On Sep 22, 2006, at 1:56 PM, Michael Thomas wrote:

The intention here is not to validate each point of the positive and negative commentary, but to bring the issues to the fore so that the entire scenario and requirements it generates can be understood in the context of what has gone on with the list. If I have transcribed the negative commentary incorrectly, I'm open to fixing that, but striking each point fundamentally misses the point of why it's in the draft.

This transcribed commentary is one-sided and lacking a basis. Whether supported by a few on list at the time, it is still wrong and does not belong in the requirements document.

Being able to associate signing domains with various email-addresses without involving three different organizations is critical for allowing DKIM to scale and to offer a greater scope of protection. Don't suggest delegating one's domain or allowing third parties access to private keys is without even more significant risks.

The basis of the these negative concerns presume:

 A-  the designated signing domain is unable to restrict
     access against non-validated email-addresses. (How is
     the 'i=' syntax be expected to work?)

 B-  the policy for the designated domain is unable to assert
     that an email-address should not be presumed valid.

 C-  the policy can not scale as needed or is complex.

 D-  a designated domain may confuse who should be held
     accountable. (Hint: whoever signed or IP address)

 E-  the signing domain should only associate with the
     From email-address, not the domain administrating the
     client whose IP address _will_ be held accountable. : O

 E-  only the email-address domain owner benefits from DKIM
     abuse reporting.

 F-  sharing a private keys or domain with a third-party
     is well understood and therefore safe.
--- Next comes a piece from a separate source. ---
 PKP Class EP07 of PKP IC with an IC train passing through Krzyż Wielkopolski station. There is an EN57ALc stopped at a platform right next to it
 G-  referencing a signing domain within a policy is
     fraught with security risks avoided by sharing keys
     and domains.

DKIM will not fulfill any provider's dream that they no longer need to worry about what comes out of their networks. DKIM will provide them clean and noise-free feedback. For this feedback, _they_ must be the one's signing with _their_ keys and not that of their customers. : O

When the provider insists upon using their keys is where policy plays a vital and valuable role. The policy for an email-address, whether it is the 2822.From or the 2821.MAIL_FROM, can associate a provider's signing domain without the provider needing to coordinate several complex details with the customer and the customer's DNS provider. Scaling.
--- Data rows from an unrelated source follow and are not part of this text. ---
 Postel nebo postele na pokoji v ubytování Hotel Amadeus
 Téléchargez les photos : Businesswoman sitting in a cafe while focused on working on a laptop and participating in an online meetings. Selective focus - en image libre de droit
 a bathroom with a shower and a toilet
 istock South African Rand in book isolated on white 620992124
The reason for even obtaining a policy records is to determine whether the email-address is associated with the signing domain. By allowing comprehensive coverage of a single signing domain, this policy can allow annotations of retained email-addresses that protect Eliot's dad. Others may expect that policy only blocks exact-domain spoofing, but this is likely only wishful thinking. Don't be too sure that blocking some very small percentage of abuse justifies searching up label trees after each and every message received.